MATERIALS PROVIDED –
Start of Block
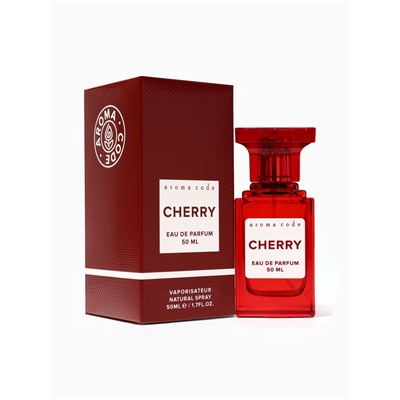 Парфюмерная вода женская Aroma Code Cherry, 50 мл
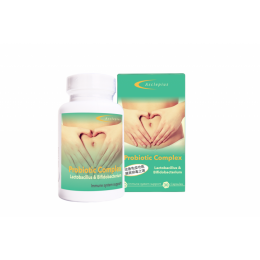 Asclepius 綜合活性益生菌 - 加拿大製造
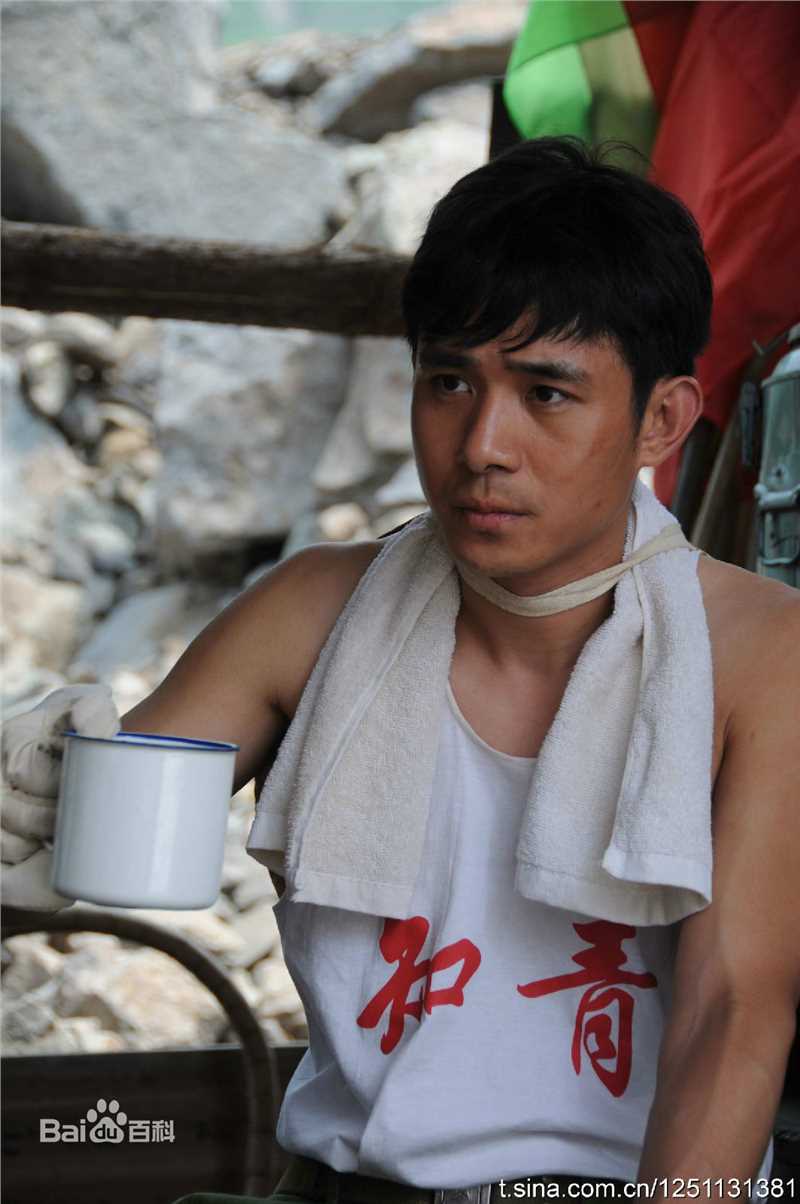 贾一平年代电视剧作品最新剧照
End of Block
Start of Block
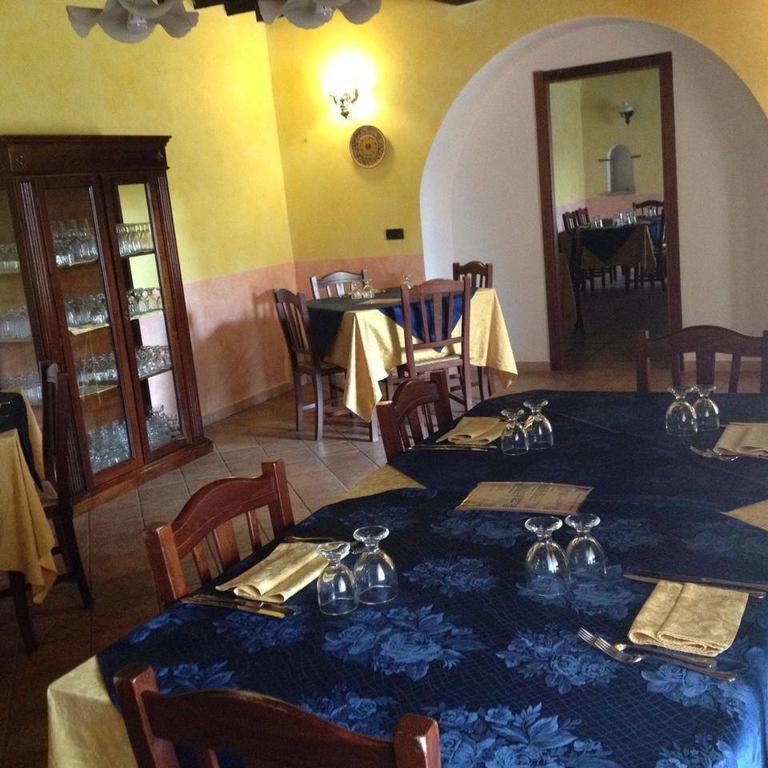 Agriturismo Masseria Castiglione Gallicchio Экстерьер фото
End of Block
Start of Block
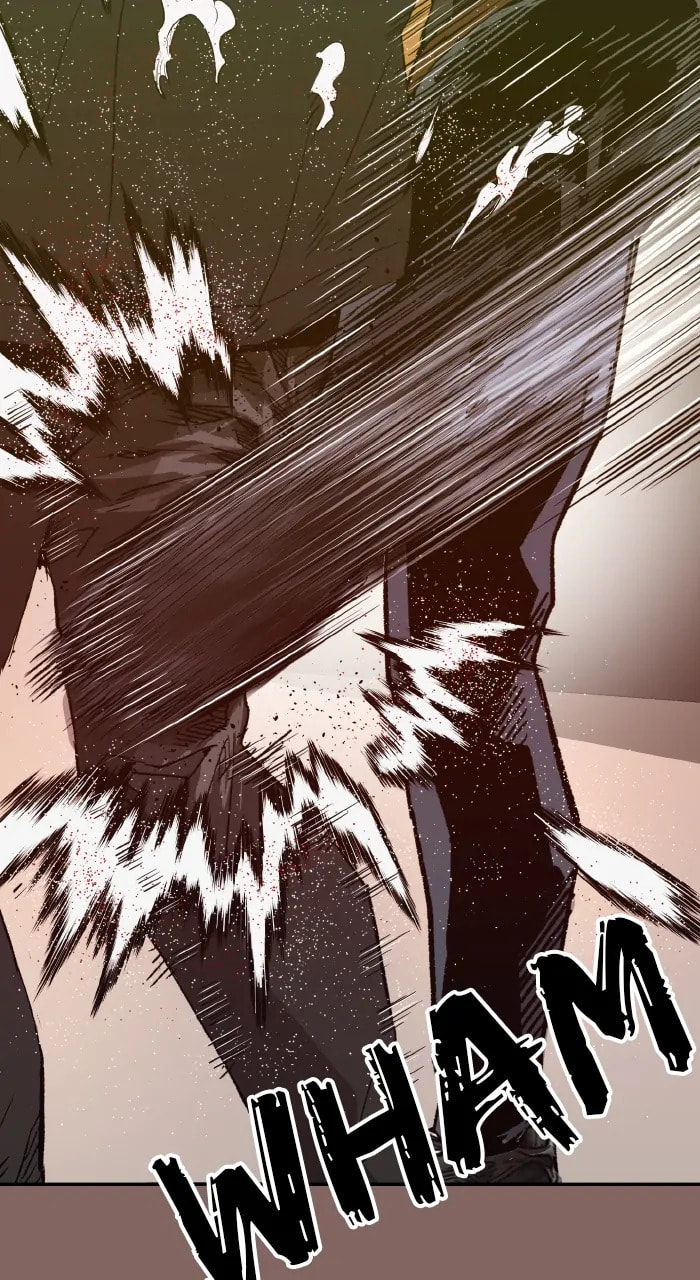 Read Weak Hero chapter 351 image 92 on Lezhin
End of Block
INSTRUCTIONS FOR THE TASK – Find the line with "Парфюмерная вода женская" in the data above, and from there retype each line exactly through the line with "贾一平年代电视剧作品最新剧照", skipping the pictures along the way.

RESULT FOR THIS TASK –
 Парфюмерная вода женская Aroma Code Cherry, 50 мл
 Asclepius 綜合活性益生菌 - 加拿大製造
 贾一平年代电视剧作品最新剧照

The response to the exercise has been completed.